About Sylvia Wright
Sylvia Wright was born in West Yorkshire in 1938. She was educated at Lawnswood High School in Leeds and trained as a nurse at Leeds General Infirmary, becoming a Sister Tutor in General and District Nursing and Health Visiting.
After a spell as a Senior Nursing Officer looking after Community Health in the inner city in Leeds, she became a Senior Lecturer in Nursing at Leeds Polytechnic (now the Metropolitan University).
In 1982, Sylvia felt a calling to serve the poor in India and after much research and even more prayer, she sold her house and car, cashed in her NHS pension and set off alone.
She settled in the town of Tiruvannamalai in Tamil Nadu, South India. There she first established a mobile clinic which treated over 400 patients a day in the scattered villages in one of the poorest regions of Southern India. Three years later she acquired her first small hospital to deal with illnesses and endemic diseases that had previously been left untreated because of the lack of doctors, hospitals, clinics and medicines.

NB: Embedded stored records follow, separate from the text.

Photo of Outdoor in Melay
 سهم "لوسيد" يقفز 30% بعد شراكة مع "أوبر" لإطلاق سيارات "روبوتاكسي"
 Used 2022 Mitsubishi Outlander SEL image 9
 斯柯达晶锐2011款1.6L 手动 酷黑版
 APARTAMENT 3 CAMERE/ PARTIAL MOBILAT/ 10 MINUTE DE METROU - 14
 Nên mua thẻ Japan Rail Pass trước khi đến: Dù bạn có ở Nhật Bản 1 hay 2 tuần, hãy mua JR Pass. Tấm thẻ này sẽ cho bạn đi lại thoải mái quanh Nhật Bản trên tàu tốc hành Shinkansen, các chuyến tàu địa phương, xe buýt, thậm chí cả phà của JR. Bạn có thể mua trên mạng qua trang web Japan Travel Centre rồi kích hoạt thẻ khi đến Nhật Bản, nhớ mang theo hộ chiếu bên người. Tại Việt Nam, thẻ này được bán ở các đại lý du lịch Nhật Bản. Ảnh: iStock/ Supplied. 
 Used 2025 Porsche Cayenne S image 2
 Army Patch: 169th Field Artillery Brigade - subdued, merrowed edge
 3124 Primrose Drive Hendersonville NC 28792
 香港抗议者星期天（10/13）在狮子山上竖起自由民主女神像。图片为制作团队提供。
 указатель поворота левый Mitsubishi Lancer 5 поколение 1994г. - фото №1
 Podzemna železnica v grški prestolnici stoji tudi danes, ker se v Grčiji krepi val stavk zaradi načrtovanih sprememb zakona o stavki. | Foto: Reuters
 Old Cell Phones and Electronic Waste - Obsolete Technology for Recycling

Sylvia's own money soon ran out and she was supported for some time by a group of friends. This support has since developed into a small but very active Charitable Trust, The Sylvia Wright Trust, with supporters of all faiths from all parts of the UK and overseas.
Over the last 37 years Sylvia developed a modern 180 bed hospital, a boarding school for 180 profoundly deaf children, a Day Centre for up to 100 severely disabled children and a Nursing College for up to 120 students. The whole operation is non-denominational and open to all the local people according to their needs. Most of the local people are Hindus but there are also Muslims, Sikhs and Christians in the community. All are valued equally.
See homepage for more information about the transfer of the hospital and the new Integrated Education & Therapy Centre.
Sylvia received the MBE from the Queen in Madras in 1998 and a further well-deserved OBE from Prince Charles at Buckingham Palace in 2008, see photo below, in recognition of this continuing work.
Sylvia is modest and unsentimental about her achievements. These are, however, outstanding and have been driven by her faith, an incredible seven days' a week work rate, a forceful personality and her renowned determination to overcome every obstacle.